I have to cut 12/4 Maple…but regardless, I have 8/4, 6/4, 5/4, and 4/4, and some long lengths (Bed).
Anybody have any home-made tricks/jigs for keeping the board from pinching my blade.
I have a shopping cart with a "MJ Splitter" ready to be purchased…BUT they want $28 for a THIN KERF 3/32" version…wtf
So, if anybody has a good, proven shop-made version that I can use, lemme no, K.


----------



## SnowyRiver (Nov 14, 2008)

I think the easiest way is to take/or make a zero clearance insert and cut a knotch in the end of it…behind the blade, then glue a piece of wood in the knotch that is equal to or sightly thinner than the blade thickness.


----------



## steve6678 (Oct 4, 2012)

Hey Wayne,
do you do that, or…


----------



## SnowyRiver (Nov 14, 2008)

I have a steel riving knife on mine. I have several of them that are different thicknesses and hights for different applications. You can see one of them (the tallest one) on the saw in the pictures of my shop in my gallery.


----------



## a1Jim (Aug 9, 2008)

Here's one

http://lumberjocks.com/topics/2303


----------



## Loren (May 30, 2008)

I have done what Wayne says in the past with saws that
don't have a riving knife. It works great, won't damage
saw teeth and is easy to repair the thing if it gets chewed up.
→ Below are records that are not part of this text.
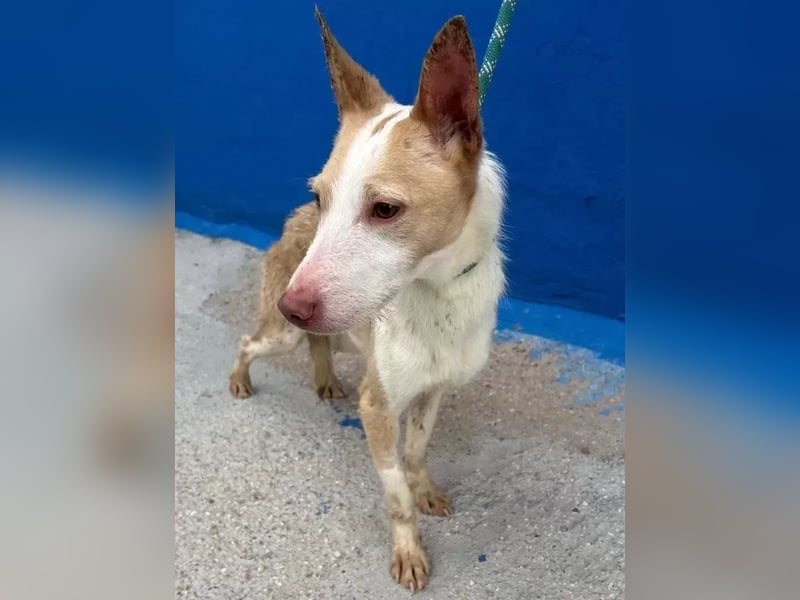 Atreu, ein junger Podenco  mit viel Potenzial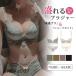 �u���W���[ �V���[�c �Z�b�g �e�� �␳�u�� ���� �u�� ��� ���� ���[�X �ԕ� �e�� ����� �u���V���[�c ���킢�� ���f�B�[�X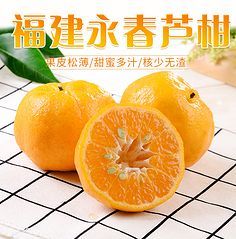 蜜柚、紅心柚與柚子 批發市場的甜蜜商機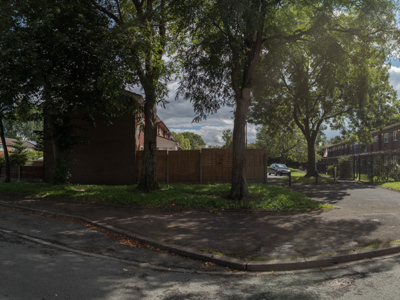 Example Placeholder Image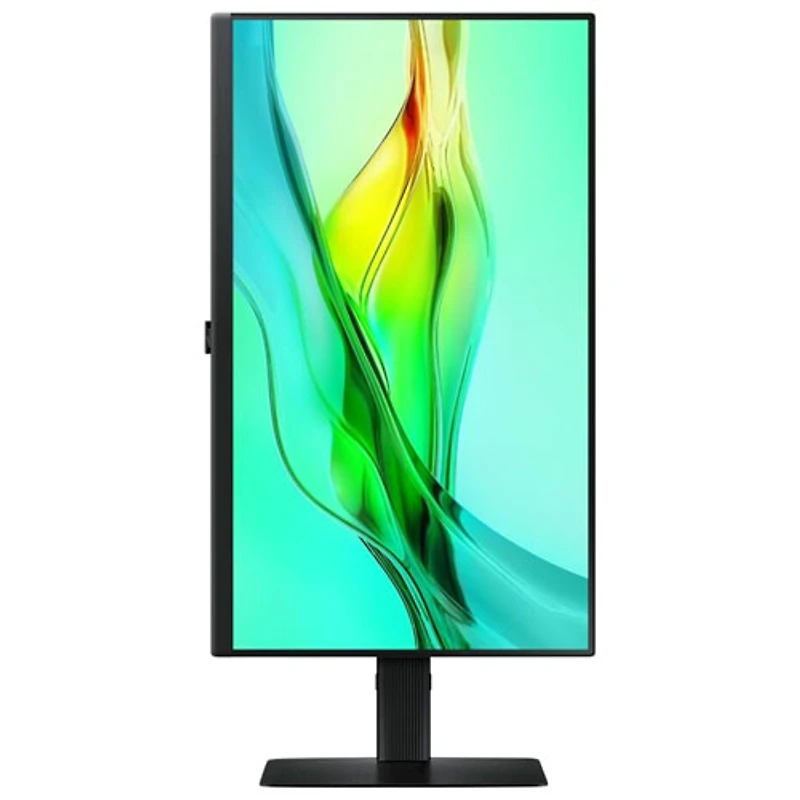 Samsung ViewFinity S6 24" WQHD 100Hz 5ms GTG IPS LCD Monitor (LS24D606UANXZA) - Black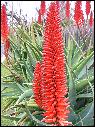 DSCN0960.JPG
I just make the slot as wide as the blade, glue a piece of
scrap of appropriate thickness in the slot, then carve the
protruding part to the thickness I want with a chisel and/or
rasp.


----------



## NiteWalker (May 7, 2011)

I'd do it like a1Jim.
I'm doing the same soon as the splitter (not riving knife) on my saw refuses to stay aligned.


----------